Sicherlich ist dies ein Thema, das gegenwärtig zu Recht ganz oben auf der gewerkschaftlichen Agenda steht, weil es elementar für die Durchsetzungsfähigkeit von Beschäftigteninteressen in Zukunft ist. Ganz nebenbei geht es hier auch um verbandspolitische Machtfragen - und zwar intern, was den DGB betrifft, als auch extern, was das konkurrierende Gewerkschaftsspektrum angeht. Erwartet hatte ich von dem Artikel Informationen über meine zugegebenermaßen bruchstückhaften Kenntnisse über den gewerkschaftlichen Diskussionsstand. Ich erfahre, dass sich drei DGB-Gewerkschaften (ver.di, NGG, GEW) gegen den Nahles-Entwurf zur Tarifeinheit wenden. Ich lese auch, dass der DGB-Vorsitzende sich im Grundsatz dafür ausgesprochen hat.
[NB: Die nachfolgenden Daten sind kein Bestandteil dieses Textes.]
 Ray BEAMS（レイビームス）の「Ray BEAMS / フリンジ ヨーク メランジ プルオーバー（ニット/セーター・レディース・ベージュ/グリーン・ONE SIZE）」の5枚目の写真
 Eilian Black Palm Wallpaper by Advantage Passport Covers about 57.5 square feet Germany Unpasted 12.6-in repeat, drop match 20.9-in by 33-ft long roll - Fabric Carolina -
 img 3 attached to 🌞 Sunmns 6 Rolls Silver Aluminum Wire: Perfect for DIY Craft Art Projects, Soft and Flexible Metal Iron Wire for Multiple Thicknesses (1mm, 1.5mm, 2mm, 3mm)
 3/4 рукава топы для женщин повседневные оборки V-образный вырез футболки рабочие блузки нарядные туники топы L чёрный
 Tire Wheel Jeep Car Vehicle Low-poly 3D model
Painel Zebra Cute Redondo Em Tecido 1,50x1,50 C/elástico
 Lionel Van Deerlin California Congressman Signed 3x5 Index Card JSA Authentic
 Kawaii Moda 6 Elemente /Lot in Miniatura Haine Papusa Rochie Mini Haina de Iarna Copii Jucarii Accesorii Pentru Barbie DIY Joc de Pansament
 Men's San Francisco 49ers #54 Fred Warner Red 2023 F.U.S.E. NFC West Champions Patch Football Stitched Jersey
So what? Darf der das? Was hat der für ein Mandat? Gibt es eine Beschlussfassung des DGB-Bundesvorstandes, die der Position der drei Aufrechten in der DGB-Familie gegen den Nahles-Entwurf widerspricht? Wurden die drei überstimmt? Darüber erfährt die verdi-Mitgliedschaft nichts. Um sich ein Bild über die tatsächliche Situation zu machen, muss man sich die Informationen aus anderen Quellen holen. Dann weiß man, dass sich die IG Metall für den Nahles-Entwurf ausgesprochen hat, dass der DGB in dieser wichtigen Frage einer Zerreißprobe ausgesetzt ist. Dass die Situation äußerst dramatisch ist - bis hin zur Infragestellung des DGB als gemeinsamem Dach der großen Gewerkschaften. Darüber berichtet ver.di publik aber nicht. Warum werden relevante Fakten in dem Artikel weggelassen?
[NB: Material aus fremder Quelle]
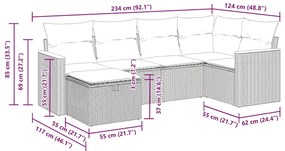 6 pcs conjunto de sofás p/ jardim com almofadões vime PE bege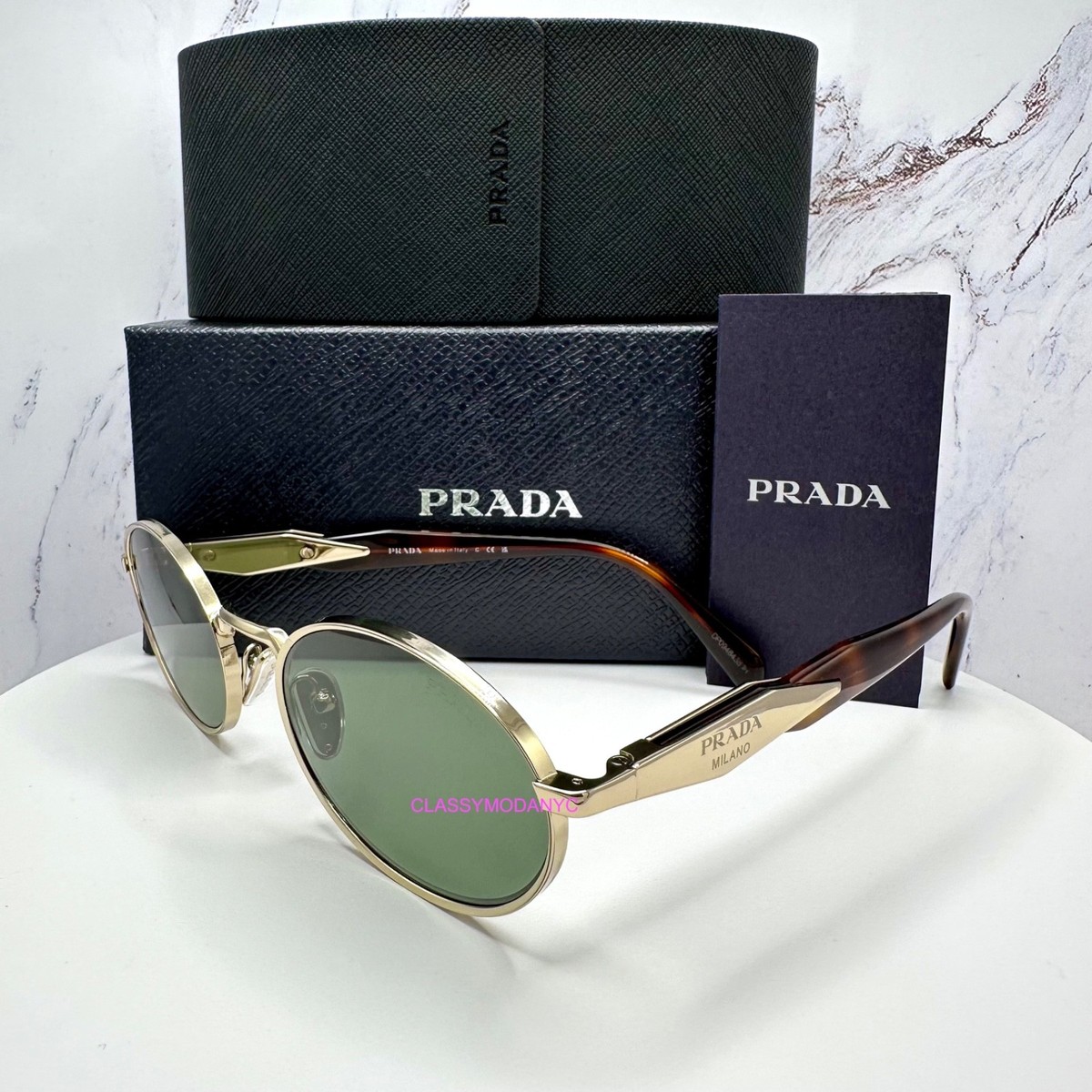 PRADA Sunglasses Gold Oval Round Symbole Metal Frame Green Lens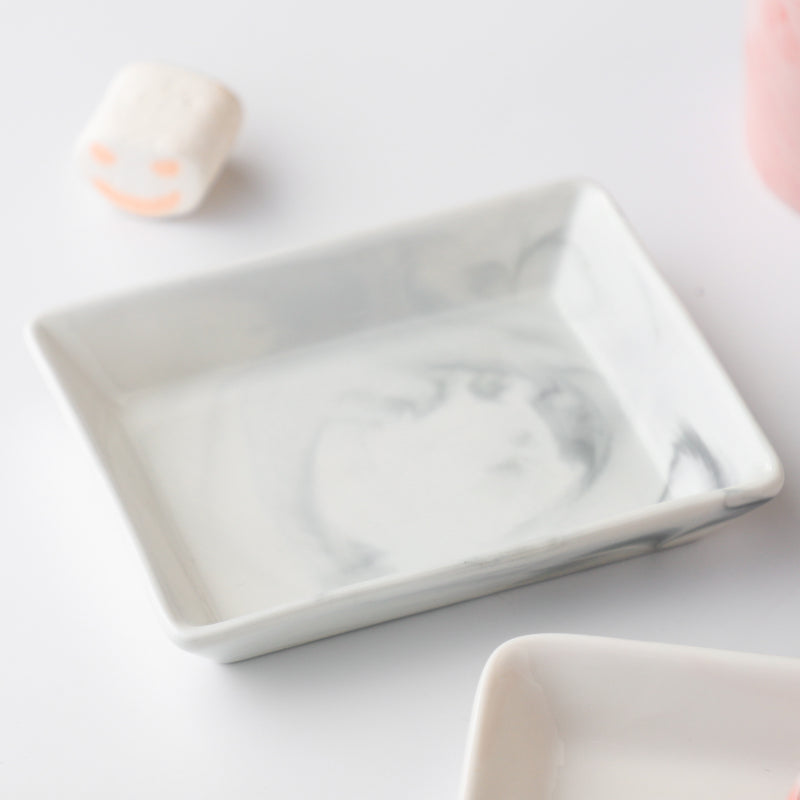 Marble Serving Platter Grey Small 5 Inch - Serving platter for snacks, rectangular platter, appetizer platter, small platter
Versuch eines vorläufigen Resümees: Oberflächlich betrachtet, ist der Artikel über die Tarifeinheit mit seiner Informationsselektion albern und kindisch - man will halt sich selbst und den geneigten Lesenden keine komplizierteren Sachverhalte zumuten. Bei genauerer Betrachtung finden sich aber leider Spuren eines Selbstverständnisses von Journalismus, der an gezielte Manipulation des ND erinnert: nicht lügen, sondern Lenkung und Beeinflussung der Lesenden durch Weglassen. Manche nennen es auch Stalinismus.

Lothar Jansen, per E-Mail


Generelle Anmerkungen zur ver.di publik

Ich bin seit nun gut zwei Jahren ver.di-Mitglied und lese regelmäßig die ver.di publik. Ich schätze hierbei die Bandbreite an Informationen, allerdings war die publik auch schon häufiger Anlass, meine Mitgliedschaft bei ver.di in Zweifel zu ziehen. Wie heißt es so schön: Wahrheit ist die Synthese aus These und Antithese. Insofern ist es verständlich und folgerichtig, wenn die Redaktion die Position von ver.di zu aktuellen Themen aller Art darstellt und die jeweiligen Redaktionsmitglieder auch mit Herzblut dabei sind. Es kommt jedoch immer wieder vor, dass mich der Schreibstil von einzelnen Artikeln eher an Propagandaschriften aus Zeiten des Klassenkampfes im Kaiserreich erinnern als an eine sachliche Information zu einer ver.di-Position. Dies fällt mir besonders auf, wenn es um Tarifverhandlungen und Streikaktionen von ver.di geht. Ist das unbedingt notwendig? Ich denke, dass die Mehrheit der Mitglieder in der Lage ist, sich mit sachlichen Informationen ein Bild zu machen und entsprechend zu mobilisieren sind. Eine "Verkaufsshow" im Stile von vor mehr als 100 Jahren diskreditiert die eigentliche Intention. Was mir auch auffällt, ist, dass bei den Leserbriefen zumindest gefühlt sehr selten kritische Leserstimmen zu Artikeln mit aufgeführt sind, was bei jeder größeren Tageszeitung der Fall ist, und wenn, dann sind es meist Beiträge zu Nebensächlichkeiten, wie der Brief von Herrn Reiß aus der Ausgabe 07_2014 zum Thema Gender. Meiner Auffassung nach lebt eine Gewerkschaft auch von der lebhaften Diskussion der Mitglieder, und dies sollte durch die Gewerkschaftszeitung auch abgebildet werden. Andernfalls ist sie nur eine Kommunikationseinbahnstraße von der Gewerkschaftsführung.